Speaking from the Oval Office, Trump said "We're gonna have a lot of happy people," and that he "didn't like the sight or the feeling of families being separated." Trump said the zero-tolerance policy which sees anyone entering the U.S. at illegal border crossings—including those seeking asylum—prosecuted, will continue. His executive order does not change that, but does state that detained individuals who enter the U.S. with a child or children should be detained with those children when possible.

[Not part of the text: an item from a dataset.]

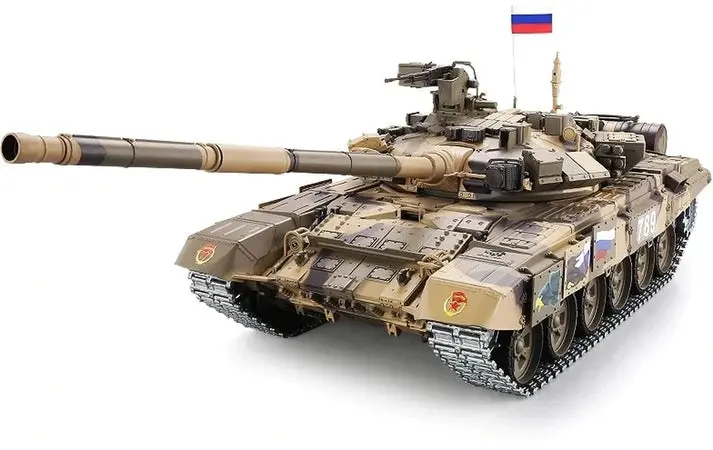 Heng Long 1:16 Russian T-90 Rc Tank - Full Pro Version 3938 1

Trump's executive order reads, in part:

"It is the policy of this Administration to rigorously enforce our immigration laws. Under our laws, the only legal way for an alien to enter this country is at a designated port of entry at an appropriate time. When an alien enters or attempts to enter the country anywhere else, that alien has committed at least the crime of improper entry and is subject to a fine or imprisonment under section 1325(a) of title 8, United States Code. This Administration will initiate proceedings to enforce this and other criminal provisions of the INA until and unless Congress directs otherwise. It is also the policy of this Administration to maintain family unity, including by detaining alien families together where appropriate and consistent with law and available resources."

Many immigration advocates say today's announcement does not go far enough, and are raising questions about how and when the detained children will be reunited with their parents. In the meantime, it is clear that these families still need help, and continued support for organizations like the Refugee and Immigrant Center for Education and Legal Services (RAICES) and initiatives like the Baby2Baby registry for immigrant children is important.

While the executive order changes things officially, it's not an instant fix, and in the coming days more support for the families will be needed. Detained parents will need legal support, help with bonds, and in some cases, help tracking down their children, as the Associated Press reports it can take weeks for parents to find out where their child is being held.